DATASET ENTRIES

# # # # #

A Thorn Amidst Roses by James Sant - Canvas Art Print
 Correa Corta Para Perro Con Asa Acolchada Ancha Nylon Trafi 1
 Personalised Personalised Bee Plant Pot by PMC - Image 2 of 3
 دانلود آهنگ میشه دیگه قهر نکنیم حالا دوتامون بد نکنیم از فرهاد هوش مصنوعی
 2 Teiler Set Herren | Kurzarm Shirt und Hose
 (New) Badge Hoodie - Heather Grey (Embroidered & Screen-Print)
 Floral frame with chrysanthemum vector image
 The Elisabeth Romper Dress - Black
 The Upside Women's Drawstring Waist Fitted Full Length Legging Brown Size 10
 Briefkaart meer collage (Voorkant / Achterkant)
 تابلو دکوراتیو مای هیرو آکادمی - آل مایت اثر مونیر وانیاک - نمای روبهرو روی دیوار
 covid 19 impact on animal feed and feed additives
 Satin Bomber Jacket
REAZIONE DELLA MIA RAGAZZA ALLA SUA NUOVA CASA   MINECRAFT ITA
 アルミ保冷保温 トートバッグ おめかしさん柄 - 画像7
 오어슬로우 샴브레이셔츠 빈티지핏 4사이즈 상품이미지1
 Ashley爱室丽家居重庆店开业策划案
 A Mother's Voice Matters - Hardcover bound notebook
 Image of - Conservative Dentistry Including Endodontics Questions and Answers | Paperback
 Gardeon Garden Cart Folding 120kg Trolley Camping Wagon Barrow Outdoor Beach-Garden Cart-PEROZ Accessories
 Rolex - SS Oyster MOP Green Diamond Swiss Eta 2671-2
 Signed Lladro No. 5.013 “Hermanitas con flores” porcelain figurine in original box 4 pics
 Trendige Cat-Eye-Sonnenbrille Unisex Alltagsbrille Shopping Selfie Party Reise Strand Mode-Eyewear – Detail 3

# # # # #

REQUIRED WORK
Write out each entry again, leaving every word as it is.

SOLUTION FOR THIS TASK
A Thorn Amidst Roses by James Sant - Canvas Art Print
 Correa Corta Para Perro Con Asa Acolchada Ancha Nylon Trafi 1
 Personalised Personalised Bee Plant Pot by PMC - Image 2 of 3
 دانلود آهنگ میشه دیگه قهر نکنیم حالا دوتامون بد نکنیم از فرهاد هوش مصنوعی
 2 Teiler Set Herren | Kurzarm Shirt und Hose
 (New) Badge Hoodie - Heather Grey (Embroidered & Screen-Print)
 Floral frame with chrysanthemum vector image
 The Elisabeth Romper Dress - Black
 The Upside Women's Drawstring Waist Fitted Full Length Legging Brown Size 10
 Briefkaart meer collage (Voorkant / Achterkant)
 تابلو دکوراتیو مای هیرو آکادمی - آل مایت اثر مونیر وانیاک - نمای روبهرو روی دیوار
 covid 19 impact on animal feed and feed additives
 Satin Bomber Jacket
REAZIONE DELLA MIA RAGAZZA ALLA SUA NUOVA CASA   MINECRAFT ITA
 アルミ保冷保温 トートバッグ おめかしさん柄 - 画像7
 오어슬로우 샴브레이셔츠 빈티지핏 4사이즈 상품이미지1
 Ashley爱室丽家居重庆店开业策划案
 A Mother's Voice Matters - Hardcover bound notebook
 Image of - Conservative Dentistry Including Endodontics Questions and Answers | Paperback
 Gardeon Garden Cart Folding 120kg Trolley Camping Wagon Barrow Outdoor Beach-Garden Cart-PEROZ Accessories
 Rolex - SS Oyster MOP Green Diamond Swiss Eta 2671-2
 Signed Lladro No. 5.013 “Hermanitas con flores” porcelain figurine in original box 4 pics
 Trendige Cat-Eye-Sonnenbrille Unisex Alltagsbrille Shopping Selfie Party Reise Strand Mode-Eyewear – Detail 3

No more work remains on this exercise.